Dharma Wacana
Jangan Takuti Colek Pamor dan Tapak Dara, Begini Menurut Ida Pandita Mpu Jaya Acharya Nanda
Belakangan ini, fenomena goresan menggunakan material pamor, yang digores membentuk satu garis (colek pamor) maupun swastika
Penulis: I Wayan Eri Gunarta | Editor: Ady Sucipto
oleh Ida Pandita Mpu Jaya Acharya Nanda
TRIBUN-BALI.COM, -- Belakangan ini, fenomena goresan menggunakan material pamor, yang digores membentuk satu garis (colek pamor) maupun swastika (tapak dara) pada pelinggih (tempat suci), kembali terjadi di sejumlah tempat di Bali.
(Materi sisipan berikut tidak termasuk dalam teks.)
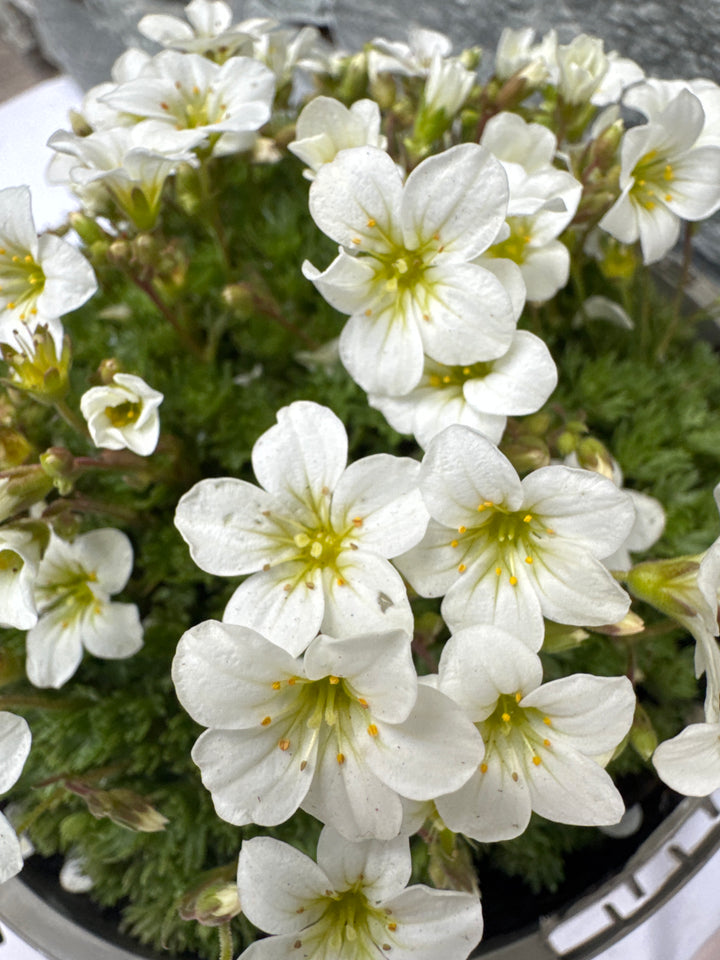Saxifraga Pixie White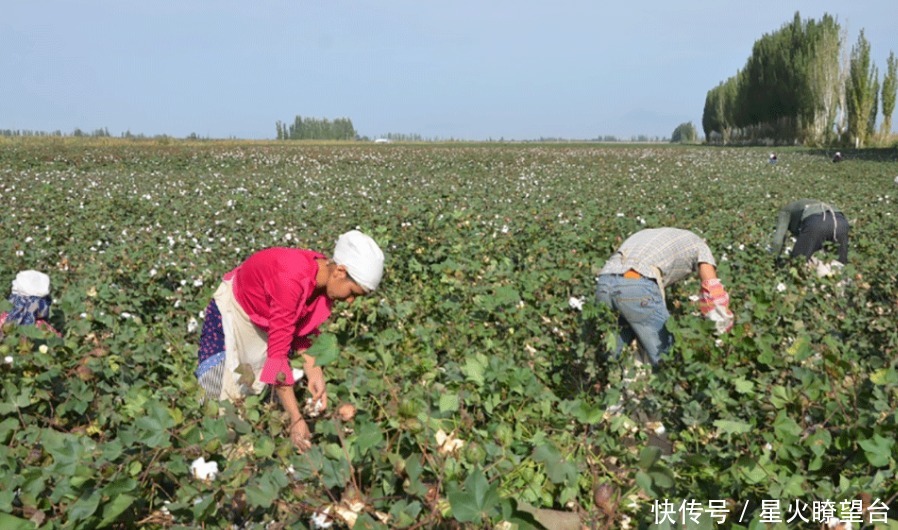 新疆棉制品“秒空”,1小时收售2352万元,耐克阿迪可曾想到结局?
Meskipun hal ini sudah pernah terjadi secara massif pada tahun 2005, dan sampel pamor telah diteliti di Laboratorium Forensik Polda Bali, namun hingga saat ini belum ada jawaban terkait siapa pelaku goresan pamor ini.
Masih misteriusnya fenomena ini, apakah kita sebagai umat Hindu harus takut dengan fenomena ini? Apakah kondisi ini pernah ditulis dalam sastra-satra kuno Hindu? Apa sejatinya yang ingin disampaikan oleh ‘tangan gaib’ tersebut dalam simbol colek pamor dan tapak dara?
Kita tidak bisa pungkiri, ketika ada sesuatu yang terjadi di luar nalar manusia, umat Hindu, bahkan umat lainnya akan merasa ketakutan.
Hal ini tidak bisa disalahkan, karena pola beragama kita lebih banyak berpola primitif.
Ketika pola beragama primitif masih berpengaruh dalam nalar manusia, maka sesuatu yang tidak bisa dijawab secara logika akan mengarahkan paradigma (sudut pandang) kita pada, apa yang disebut magisme.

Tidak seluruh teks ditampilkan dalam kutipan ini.